Melgunov Sergey (1879–1956) – historian, journalist, liberal social activist, a bright representative of Russian emigration circles.

As early as in his gymnasium years, M. was interested in the problem of social position of minor religious groups, and their place in the history of Russia. In 1899-1904, he studied at the Historical and Philological Faculty of the Moscow University, where he was supervised by leading Professors-historians: V. I. Gerie, and V. O. Kliuchevsky. He actively participated in the work of the students’ society under the leadership of Professor Prince S. N. Trubetskoy. There M. made a repost ‘On the Significance of the Dissent and Sectarianism in the Russian Life’, where he argued for the progressive role of those religious Phenomena for the development of Russia. Later, that repost served as a foundation of his Candidate thesis ‘Religious-Mystical Movements in the Seventeenth – Eighteenth Centuries’.

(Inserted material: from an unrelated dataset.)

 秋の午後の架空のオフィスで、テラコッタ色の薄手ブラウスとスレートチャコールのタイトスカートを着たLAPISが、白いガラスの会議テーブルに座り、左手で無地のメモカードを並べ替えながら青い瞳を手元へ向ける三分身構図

After graduating, he taught history in private gymnasium of Moscow. In 1900-1916, as an independent writer and journalist, he worked for the historical department of the liberal newspaper ‘Russkie vedomosti’, where he recommended himself as a brave critic of the state-and-church relations, persistent champion of the principles of the freedom of conscience and of the separation of the Church from the State. In 1905, he met L. N. Tolstoy. In 1905-1906, M. published articles in ‘Russkie vedomosti’, later included into his famous booklet ‘The Old Believers and the Freedom of Conscience’; there he interpreted the Old Believers as the opposition to the autocracy and Orthodoxy, and formulated his views at the interrelations of the State and the Church.

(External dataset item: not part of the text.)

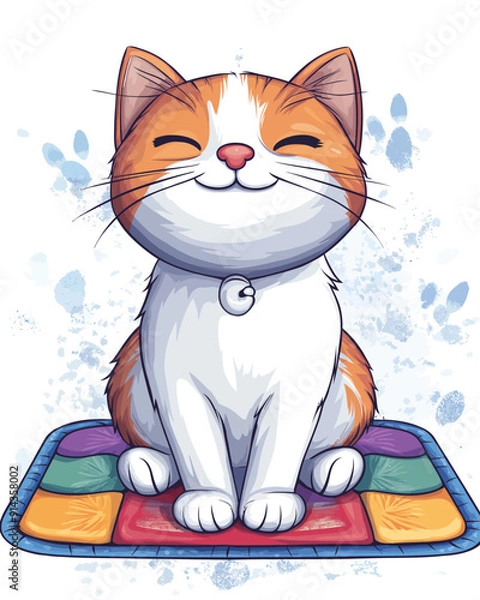 Fototapeta Smiling Cat Sitting on Colorful Mat, Cartoon Flat Vector Illustration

Since 1906, he worked for the newspaper ‘Narodnoe delo’ which argued for the constitutional system and for the parliament; there he published his articles ‘The Church and the State’ and ‘The New Law on the Religious Tolerance’. In 1906, he entered the party of Constitutional Democrats (CD) and was actively involved into the elections to the II State Duma; one of the central points of his program was the freedom of conscience in Russia. The analysis of the existing situation, shaped after the Order of Religious Tolerance from April 17. 1905, was made by M. in his work ‘The Church and the State in Russia (on the Issue of the Freedom of Conscience)’. In 1906, he moved to the party of People’s Socialists. In 1911, he founded the publishing house ‘Zadruga’, where he published many of his own works.

In March 1917, the Temporary Government appointed him the Executive Representative officer on getting and classifying the archives of the Ministry of Domestic Affairs, Moscow Ecclesiastic Consistory, and Missionary Council.

In the spring 1918, he headed the Moscow Branch of the ‘Union for the Resurrection of Russia’, was arrested; in 1920, he was sentenced to death in the frames of the affair of ‘Tactic Centre’; but later that measure was changed for ten years of imprisoning. On the request of V. Figner and P. Kropotkin, he was released; in 1922, he was arrested again and sent out of Russia.

In emigration he kept writing works on the history of Russia.